## Exercise goal
Repeat every line of the data exactly; no picture belongs in the copy.

Recorded data
Segment Open
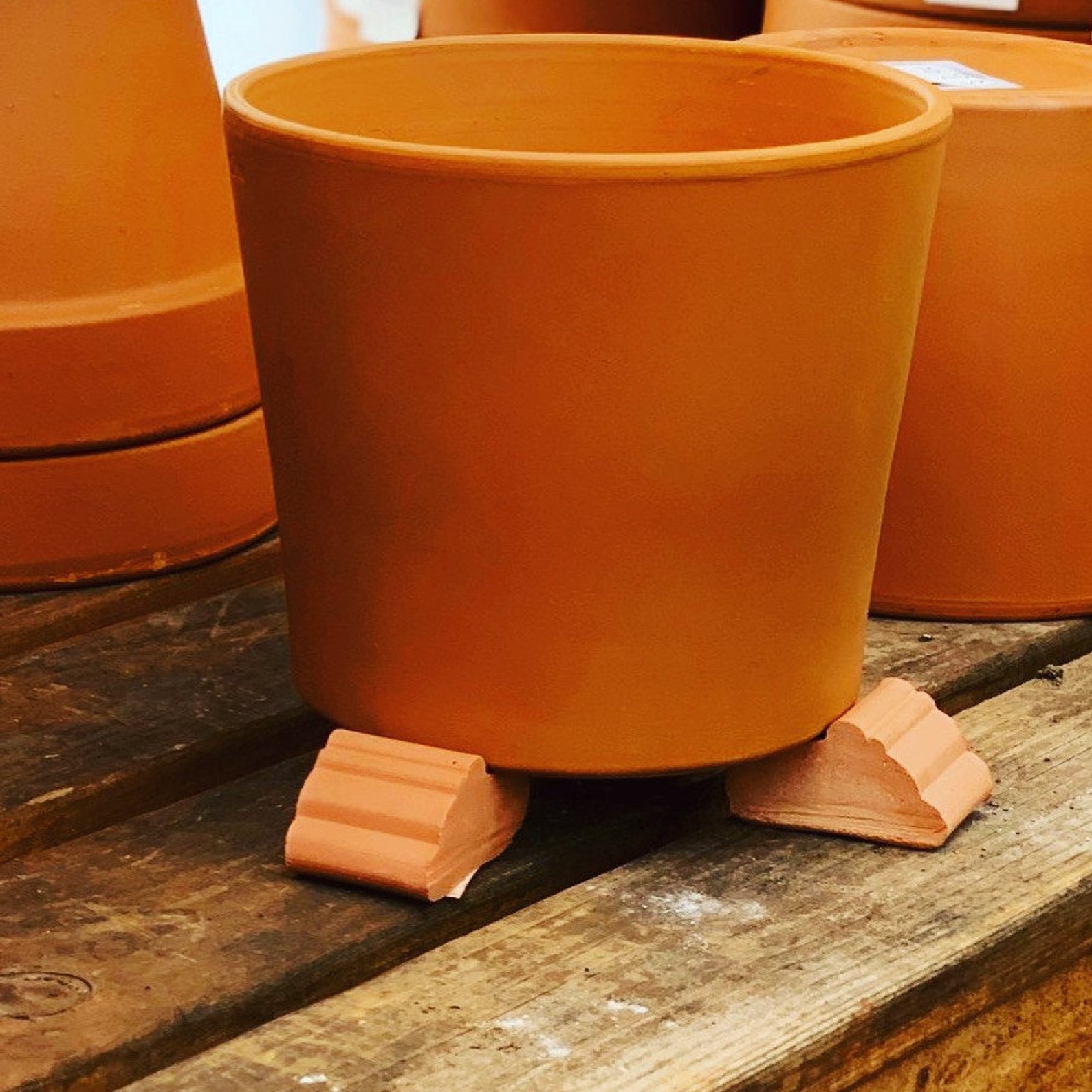 Terracotta Ribbed Pot Feet Outdoor / Indoor Set of 3 Clay Etsy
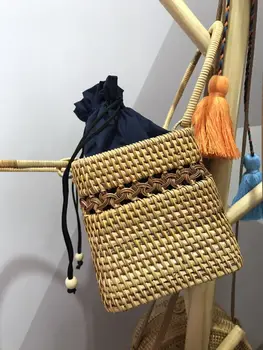 ZHIERNA 2017 Vara noi rattan sac pur manual Qiuteng coș peisaj exotic de rattan coș sac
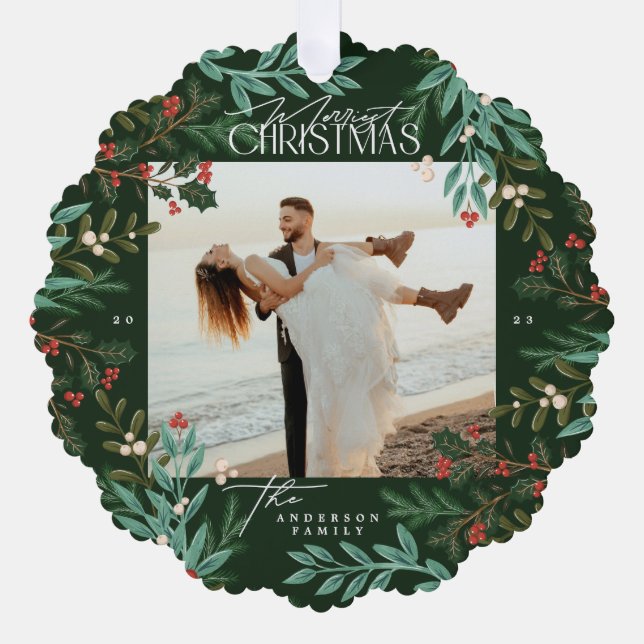 Classic Green Botanical Christmas photo Ornament Card (Front)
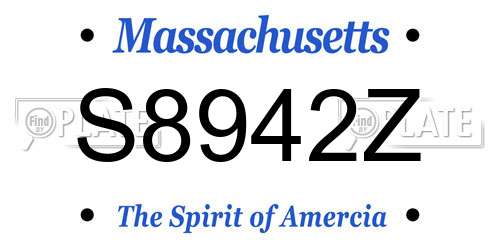 S8942Z Massachusetts License Plate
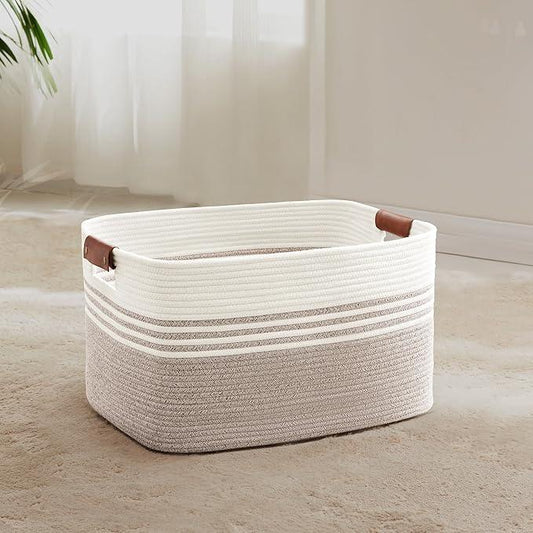 45L Small Laundry Basket with Leather Handles for Living Room Storage, Woven Rope Baskets Bin for Blanket, Kids Toy, Gifts, Wicker Hamper for Bedroom Dirty Clothes, 18"x14"x11" White Brown - ModernBath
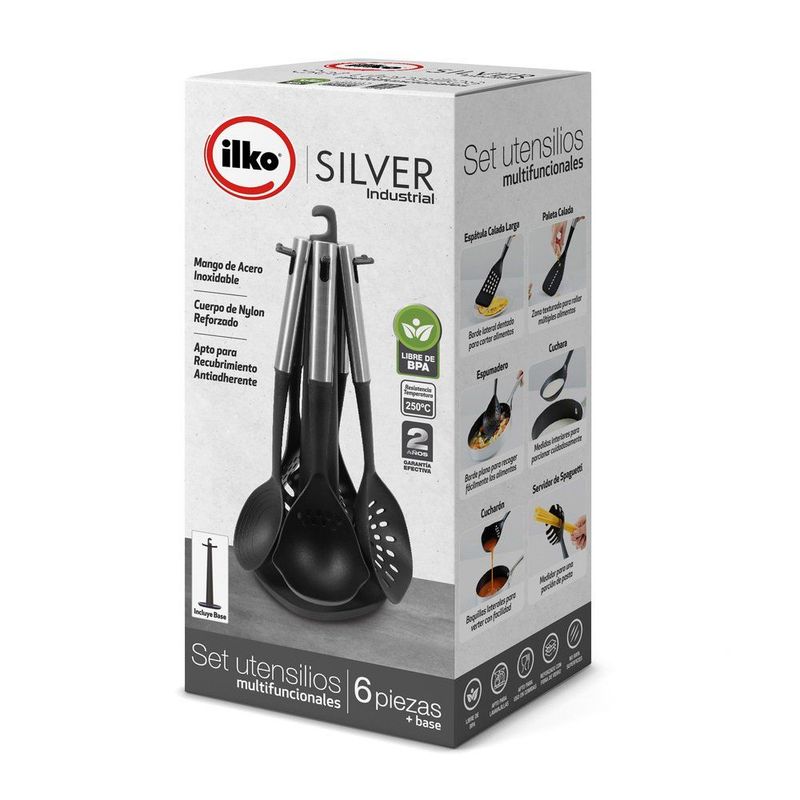 ILKO - Set 6 Utensilios + Base Silver Industrial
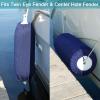 Boat Fender Covers 9" x 26" Fender Covers Marine Boat Bumper Sleeves for Twin Eye & Center Rope Tube Style Fenders, Navy Blue, 3-Pack, Polyester (Boat Fender Not Included) view 3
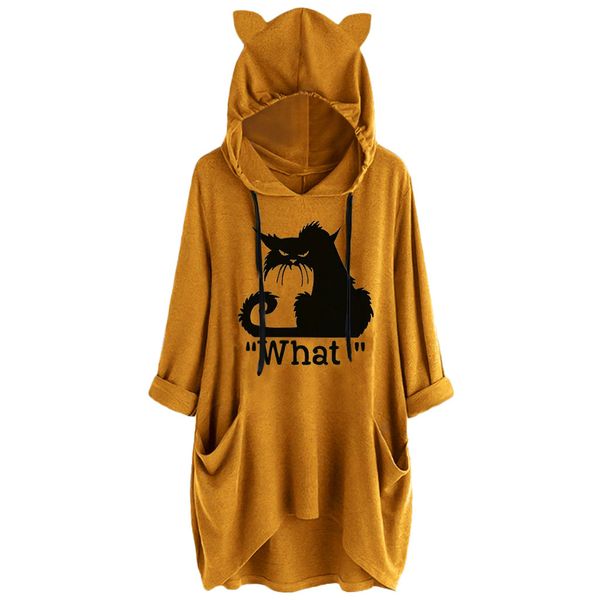 

oversized kawaii cat ear hoodies women fall 2019 streetwear casual cat printed pocket long hoodie hooded sudadera mujer, Black
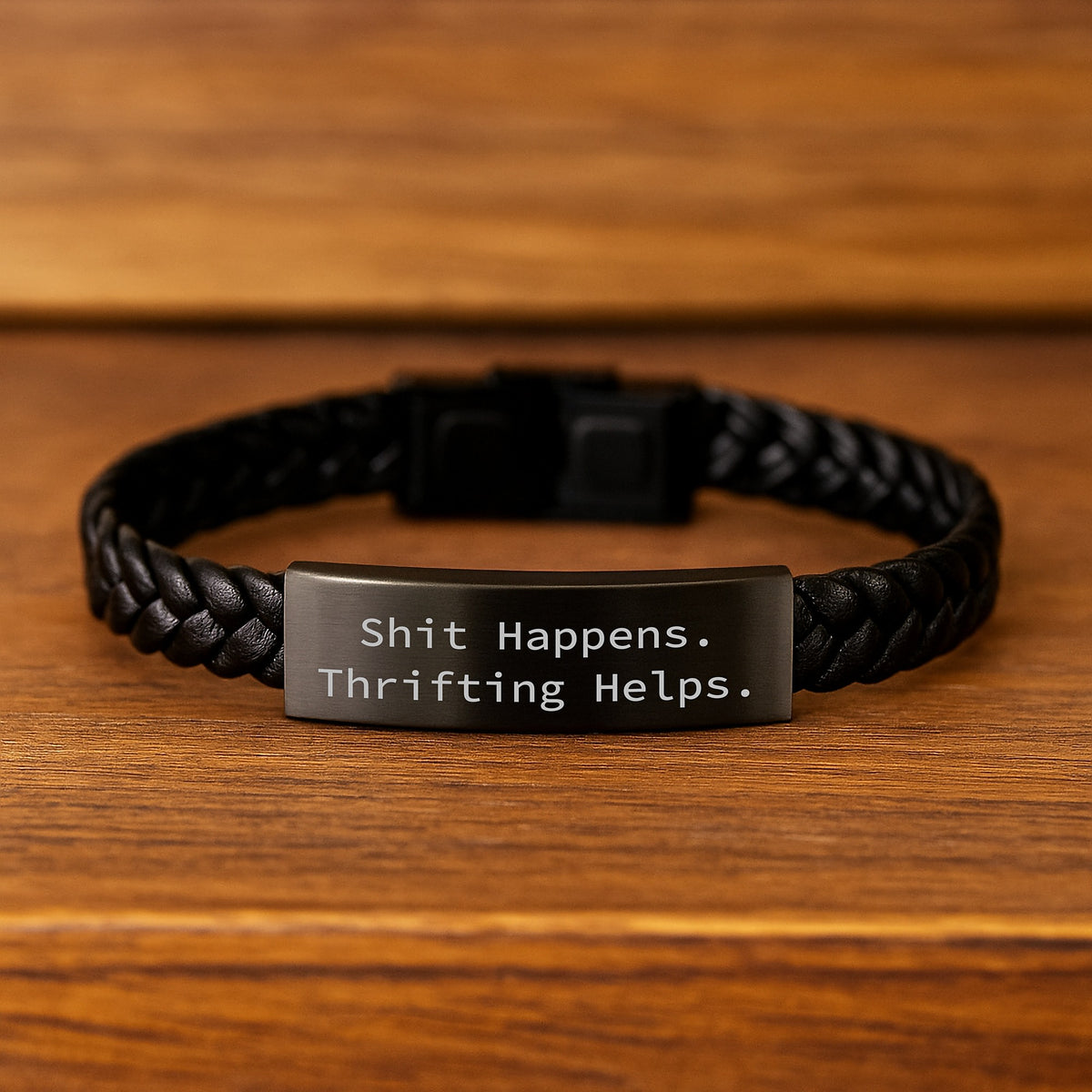 Unique Thrifting Gifts from Friends for Thrifters, Interlaced Leather Bracelet with Funny Quote 'Shit Happens. Thrifting Helps.' for Christmas - Image 2
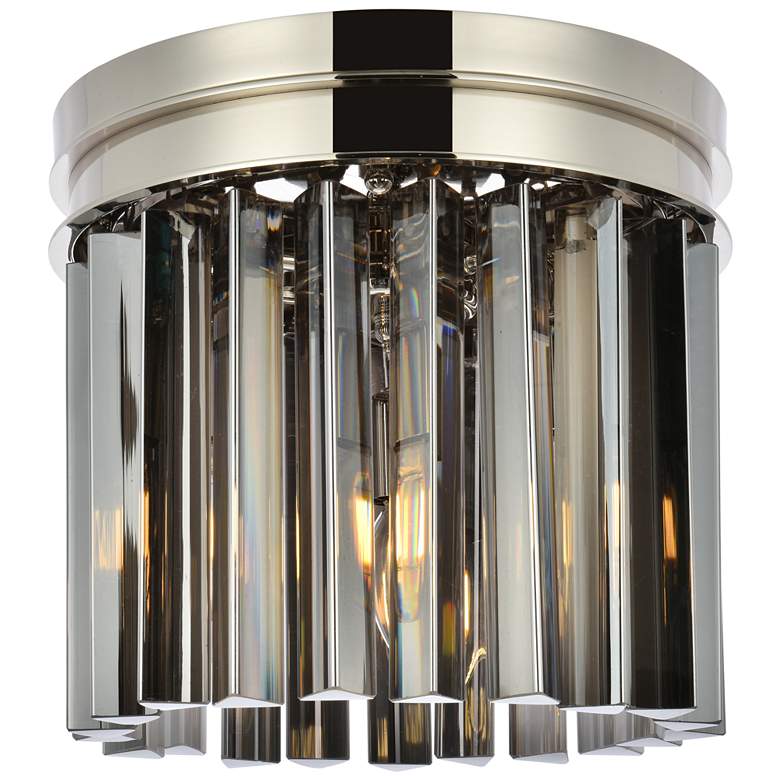 Image 1 Sydney 3 Lt Polished Nickel Flush Mount Silver Shade (Grey)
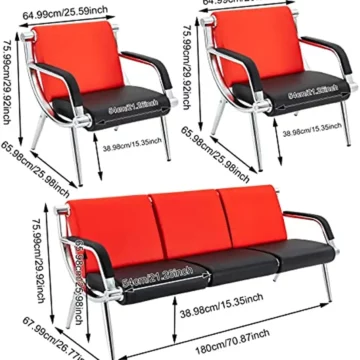 Executive PU Reception Chair   Red Waiting Room Sofa 2 | PricZone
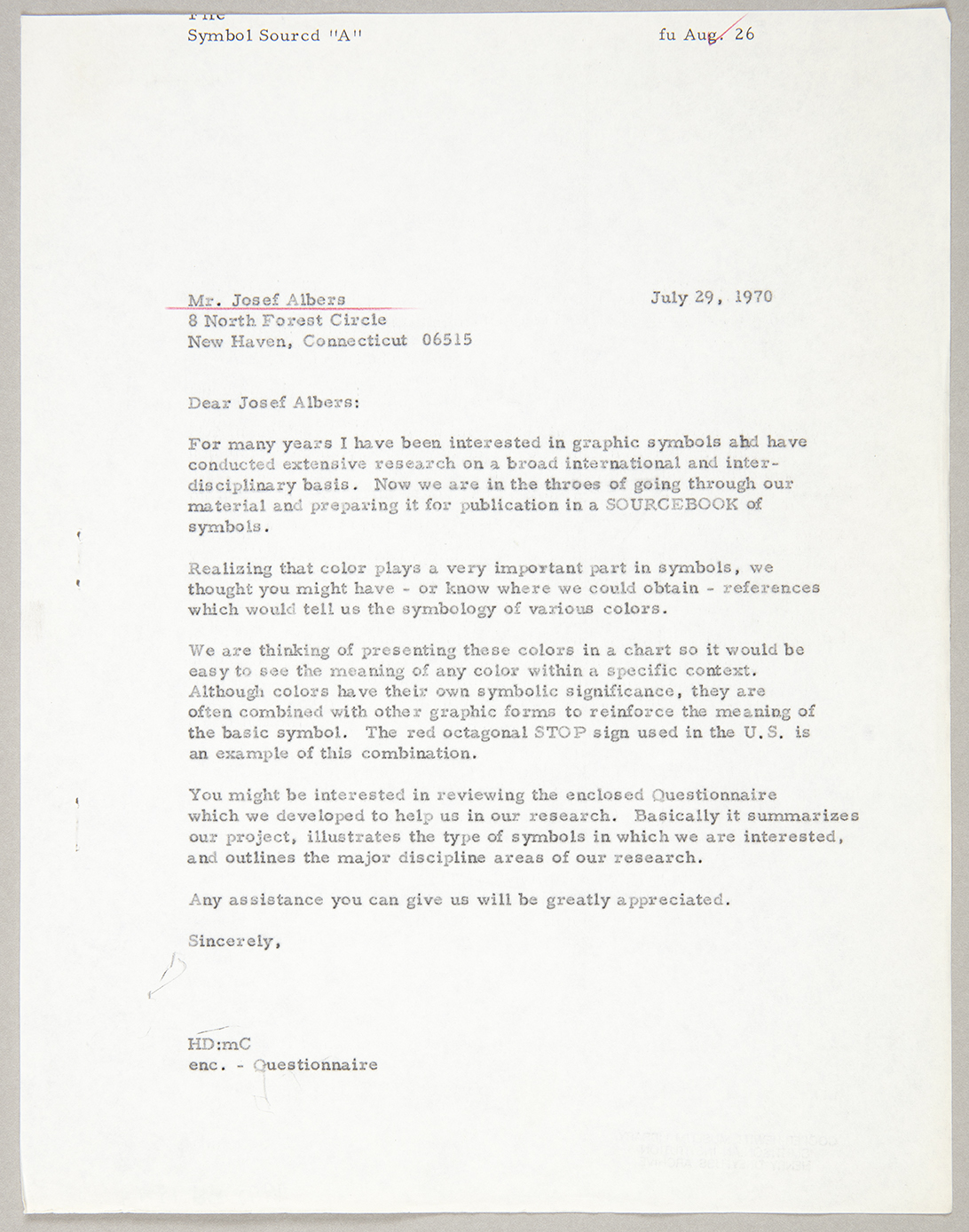 A July 1970 typeset letter to Josef Albers from Henry Dreyfuss expressing Dreyfuss's interest in collection symbols.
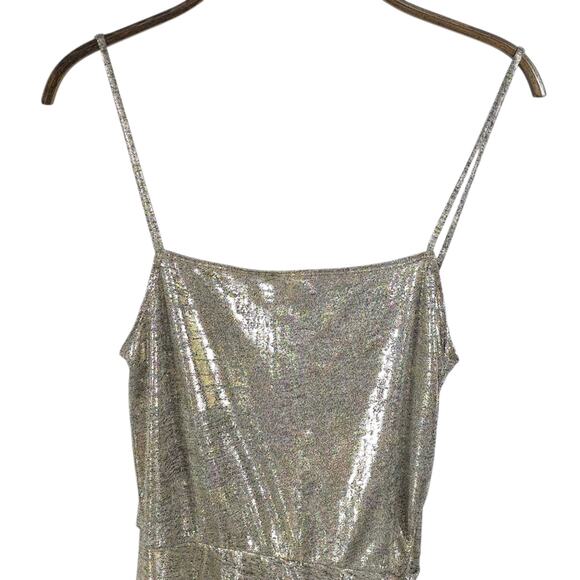 Reformation Flare Dress Metallic Gold Silver Ruched Mini - Picture 4 of 10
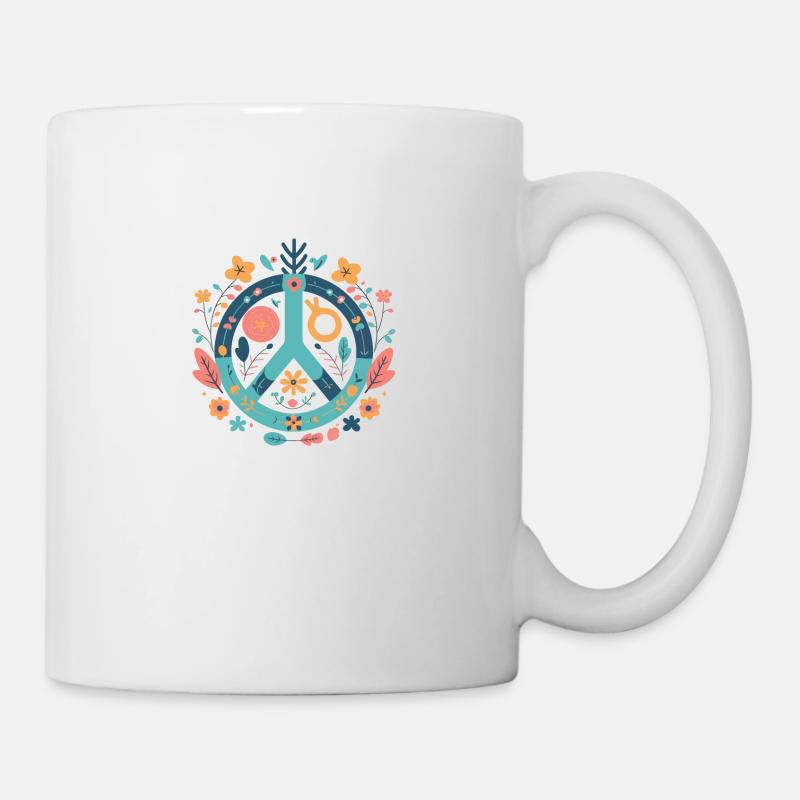 Frieden und Liebe - Tasse - Weiß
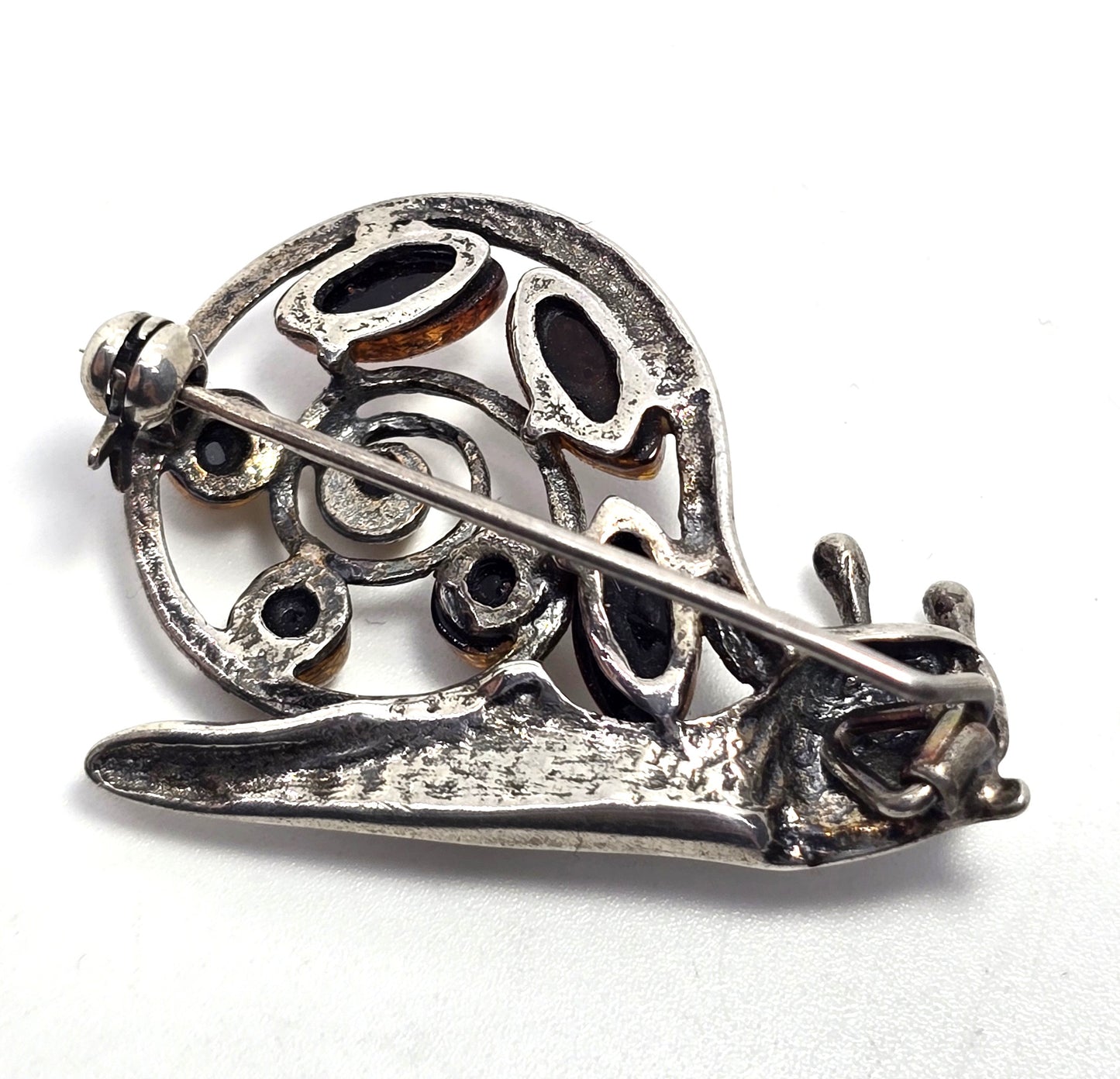 Baltic amber garden snail shell vintage Polish sterling silver brooch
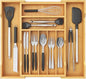 Lifewit Silverware Drawer Organizer, Expandable Utensil Tray for Kitchen, Flatware and Cutlery Holder, Wood Adjustable Storage for Spoons Forks Knives, 31-53 x 43cm, Natural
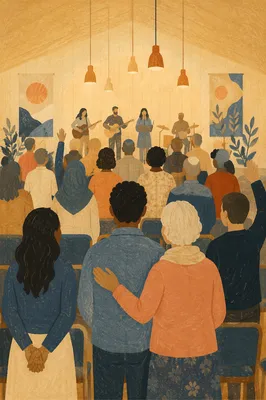 Diverse Congregation in Warm Community Hall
Segment Closed
## Completed exercise
 Terracotta Ribbed Pot Feet Outdoor / Indoor Set of 3 Clay Etsy
 ZHIERNA 2017 Vara noi rattan sac pur manual Qiuteng coș peisaj exotic de rattan coș sac
 Classic Green Botanical Christmas photo Ornament Card (Front)
 S8942Z Massachusetts License Plate
 45L Small Laundry Basket with Leather Handles for Living Room Storage, Woven Rope Baskets Bin for Blanket, Kids Toy, Gifts, Wicker Hamper for Bedroom Dirty Clothes, 18"x14"x11" White Brown - ModernBath
 ILKO - Set 6 Utensilios + Base Silver Industrial
 Boat Fender Covers 9" x 26" Fender Covers Marine Boat Bumper Sleeves for Twin Eye & Center Rope Tube Style Fenders, Navy Blue, 3-Pack, Polyester (Boat Fender Not Included) view 3

oversized kawaii cat ear hoodies women fall 2019 streetwear casual cat printed pocket long hoodie hooded sudadera mujer, Black
 Unique Thrifting Gifts from Friends for Thrifters, Interlaced Leather Bracelet with Funny Quote 'Shit Happens. Thrifting Helps.' for Christmas - Image 2
 Image 1 Sydney 3 Lt Polished Nickel Flush Mount Silver Shade (Grey)
 Executive PU Reception Chair   Red Waiting Room Sofa 2 | PricZone
 A July 1970 typeset letter to Josef Albers from Henry Dreyfuss expressing Dreyfuss's interest in collection symbols.
 Reformation Flare Dress Metallic Gold Silver Ruched Mini - Picture 4 of 10
 Frieden und Liebe - Tasse - Weiß
 Baltic amber garden snail shell vintage Polish sterling silver brooch
 Lifewit Silverware Drawer Organizer, Expandable Utensil Tray for Kitchen, Flatware and Cutlery Holder, Wood Adjustable Storage for Spoons Forks Knives, 31-53 x 43cm, Natural
 Diverse Congregation in Warm Community Hall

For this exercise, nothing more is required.